The early makings of the PHILUS facility in August 2023. Duarte (right) discusses her experimental setup with Briunna Smith (left) and Aria Murphy (center), then undergraduate members of Duarte’s Heat Transfer and Safety Analysis Laboratory at UW–Madison.
Associate Professor Juliana Pacheco Duarte (middle) poses with PhD student Cole Dunbar (left) and postdoctoral researcher Dr. Donkoan Hwang (right) in the new PHILUS facility designed and built to investigate post-critical heat flux conditions in light-water reactors. 

The Nuclear Regulatory Commission has traditionally recognized critical heat flux as the thermal hydraulic limit for U.S. nuclear power plants. Many argue that this limit imposes overly conservative safety margins for most operating conditions, especially with the development of accident tolerant fuels that enhance safety in recent designs. 

Now, time-at-temperature criteria have emerged as a realistic alternative. These criteria would relax the traditional safety margins and support growing interest and financial incentives for implementing power uprates across the current fleet of U.S. light-water reactors, allowing plants to increase their operating power. 

In order to define and implement the proposed time-at-temperature criteria, certain modeling and experimental gaps must be investigated. A recent report from the Electric Power Research Institute identified that the transient temperature behavior of the reactor cladding shortly after reaching critical heat flux is one such area of uncertainty and limited data. 

PHILUS is a unique facility designed to provide that data. By investigating the temperature behavior after the point of critical heat flux, the facility will generate prototypical experimental data that can be used to develop new models and significantly improve system codes used to predict post-critical heat flux transient cladding temperatures. 

The current test section consists of a nuclear rod simulator with 9.5 mm outer diameter, 0.89 mm thickness, instrumented with six thermocouples and three capability tubes for optical fiber measurements. It has a one-meter heated length with a uniform axial power profile surrounded by a circular channel. The rod is directly heated by a 108-kW power supply, providing up to 1500 amps at 67 volts (100kW/m linear heat).

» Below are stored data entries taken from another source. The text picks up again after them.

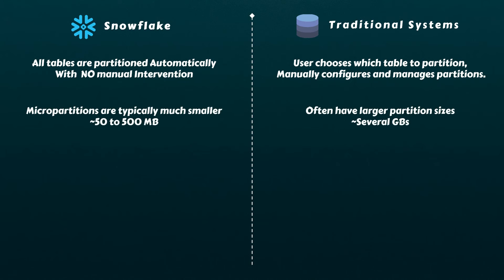Snowflake's micro-partitions are typically much smaller than partitions in traditional systems, often ranging from 50MB to 500MB in uncompressed size, which is why they are named micro-partitions. This fine-grained partitioning enables more efficient data access and query processing.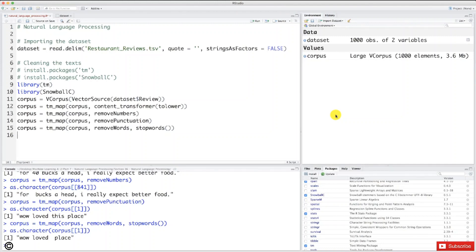So what is stemming? Well, stemming is about getting the root of each word. For example, if we look at the first review, we have this 'loved' word here, and the root of this word would be 'love'.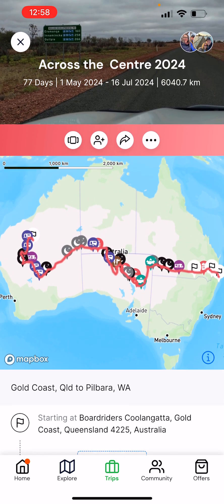We hope you enjoyed listening to our short video on how to build out a trip on the Camps Australia Wide app. There'll be more to come later on. All the best.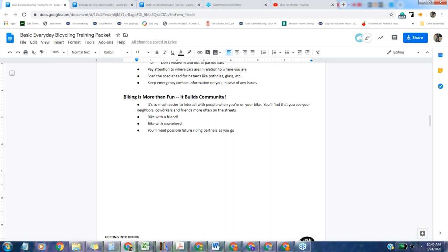Biking builds community. It's just easier to interact with people when you're on your bike. You'll find that you see your neighbors, coworkers and friends more often on the street. Bike with friends, bike with coworkers. It's a really nice way to talk to people and get to know people better and just get to know your communities better.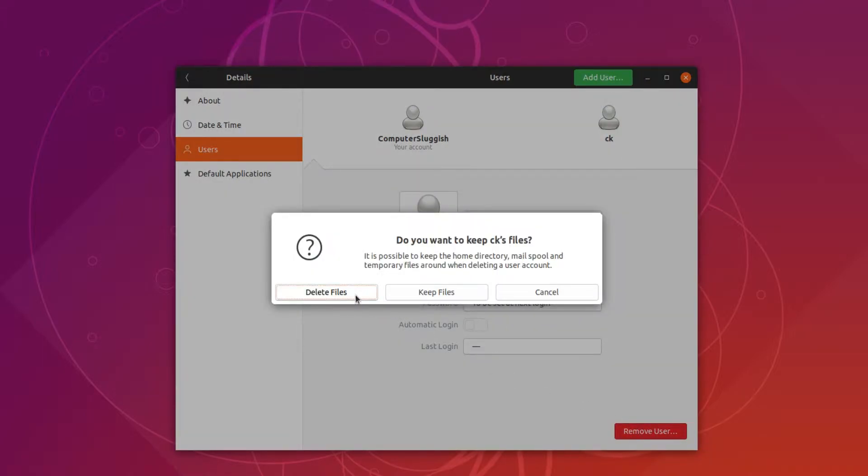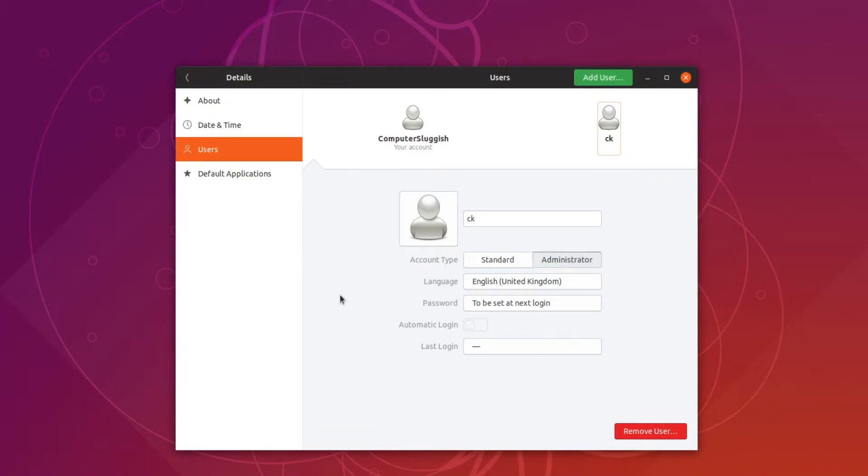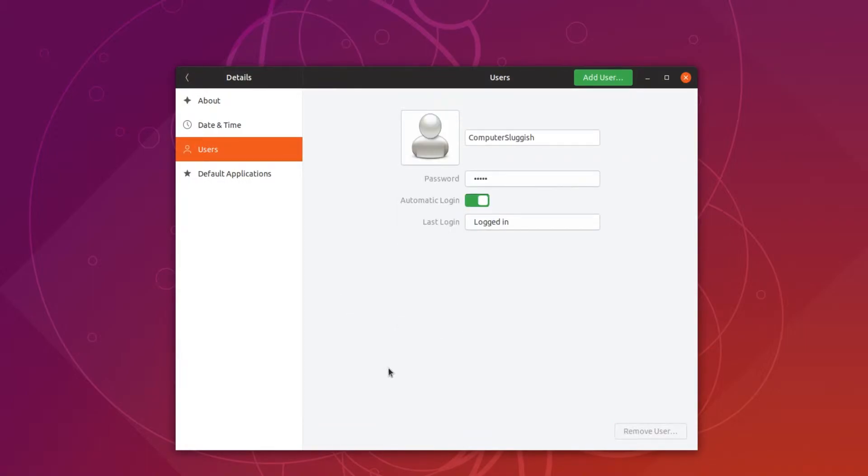And press delete files or keep files, that is totally up to you. I'm just going to select delete files and there we go, it really is that easy.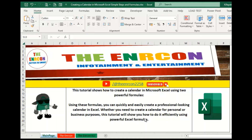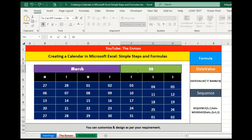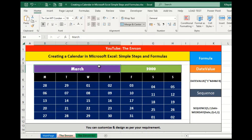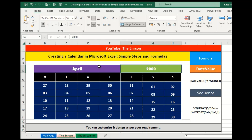This tutorial shows how to create a calendar in Microsoft Excel using two powerful formulas. Using these formulas, you can quickly and easily create a professional-looking calendar in Excel. Whether you need to create a calendar for personal or business purposes, this tutorial will show you how to do it efficiently using powerful Excel formulas.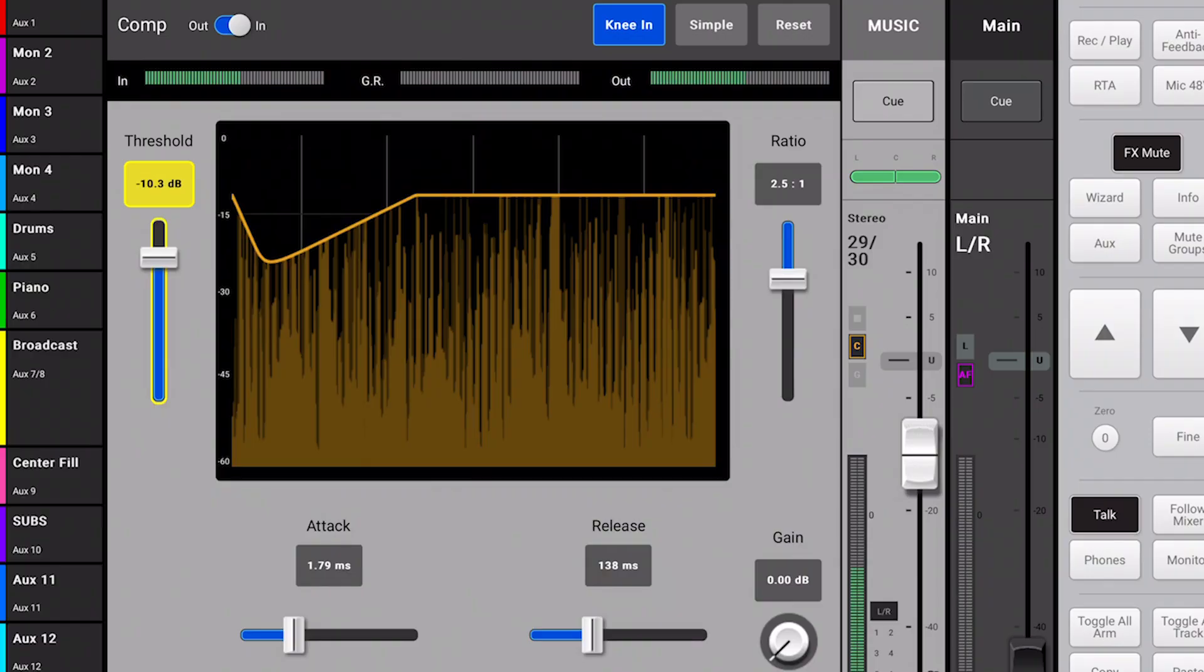Let me introduce you to the six controls on a compressor. I will use the compressor on a QSC TouchMix as its graphical display allows us to easily visualize the compression phenomena affecting a wave file.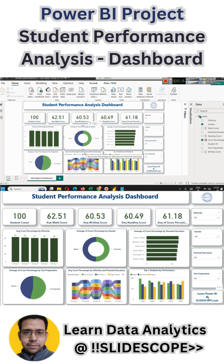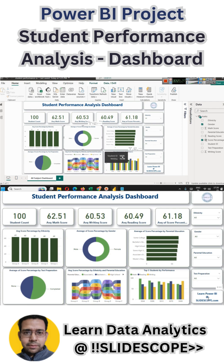We also have average score percentage by ethnicity and parental education combined, using a ribbon chart to see the rank of different parental education levels across different ethnicity groups. For test preparation, students who completed the test scored close to 67 percent. We have also found the top five students who scored the most marks.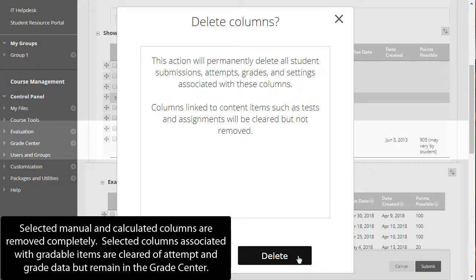Selected manual and calculated columns are removed completely. Selected columns associated with gradable items are cleared of attempt and grade data but remain in the Grade Center.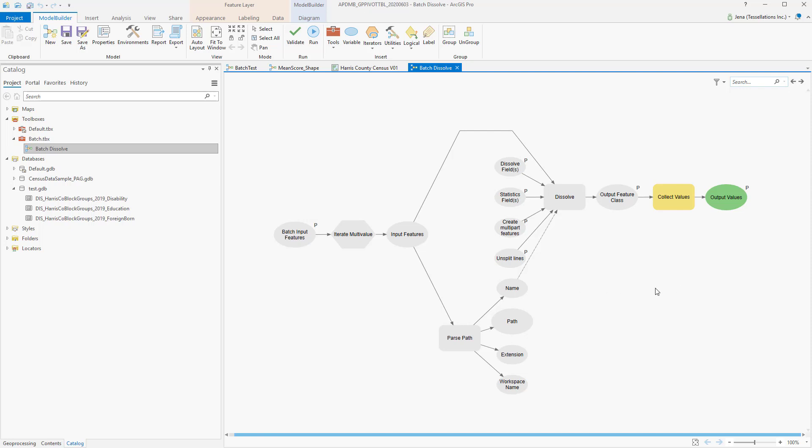Say I wanted to add a field, and then calculate, and perhaps output it then to a shapefile. Well, I can do that by simply dragging in those tools and connecting them here to the output values.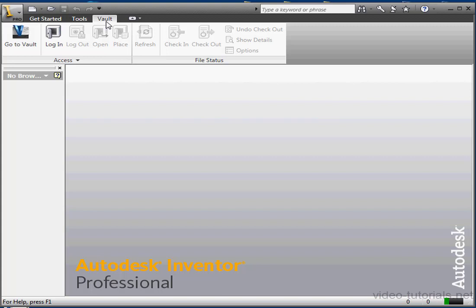Then you've got to check files out of the Vault before they can be edited. When edits are complete, they're checked back in, and then the edits are available to other designers on the team. You should be using Autodesk Vault if you've got a lot of people working on a single project at the same time.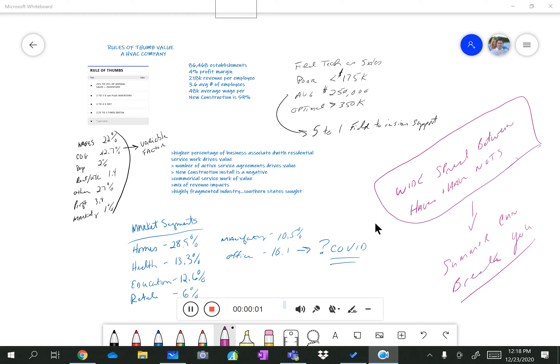Hey, good afternoon, everybody. It is December 23rd. This may seem like a weird time to talk about HVAC companies, but I felt that I was off a little bit and getting some content out. And we've seen some spikes with regard to interest in this category.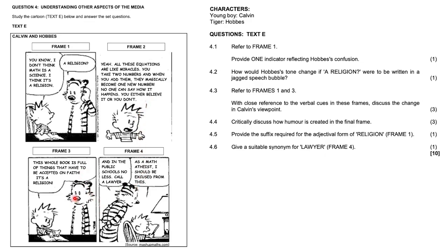Calvin's like, this old book is full of things that have to be accepted on faith. It's a religion. Hobbes is like, yeah, in the public schools, no less. Call a lawyer. And Calvin's like, as a math atheist, I should be excused from this.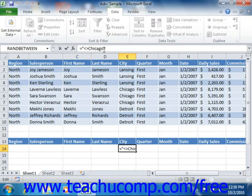You can use the following comparison operators when creating complex criteria: the greater than symbol, the less than symbol, greater than or equals, less than or equals, or the greater than less than symbol, which means does not equal.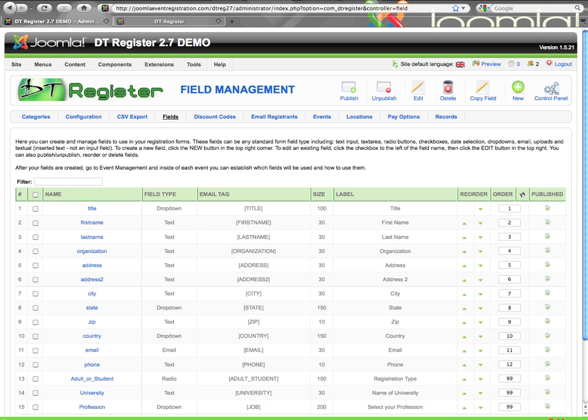Hello, welcome to this video tutorial for DT Register 2.7, Field Management. This video is based on version 2.7.0.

Similar experiments have been conducted at lower pressures, but PHILUS is one of the few facilities at a U.S. university to perform these experiments at the high pressures and temperatures characteristic of true reactor conditions and can achieve uniquely accurate temperature measurements.

Duarte investigated the post-critical heat flux conditions of small modular reactors as a PhD student in the University of Wisconsin–Madison Department of Nuclear Engineering and Engineering Physics, working with Wisconsin Distinguished Professor Emeritus Mike Corradini. Twelve years later, Duarte is a leader in the field and mentors many early career researchers like PhD student Cole Dunbar and postdoctoral researcher Dr. Donkoan Hwang who will help run the experiment.

“Post-critical heat flux heat transfer is a topic of large uncertainties as it involves complex vapor and liquid dynamics,” says Duarte. “PHILUS will bring unique high-resolution data that we can use to develop new models and significantly improve our capability to capture time-at-temperature clad behavior.”

PhD student Cole Dunbar operates the PHILUS facility.
Duarte working in Emeritus Professor Mike Corradini’s lab investigating post-critical heat flux conditions for small modular reactors during her first year as a PhD student in the Department of Nuclear Engineering and Engineering Physics in 2014.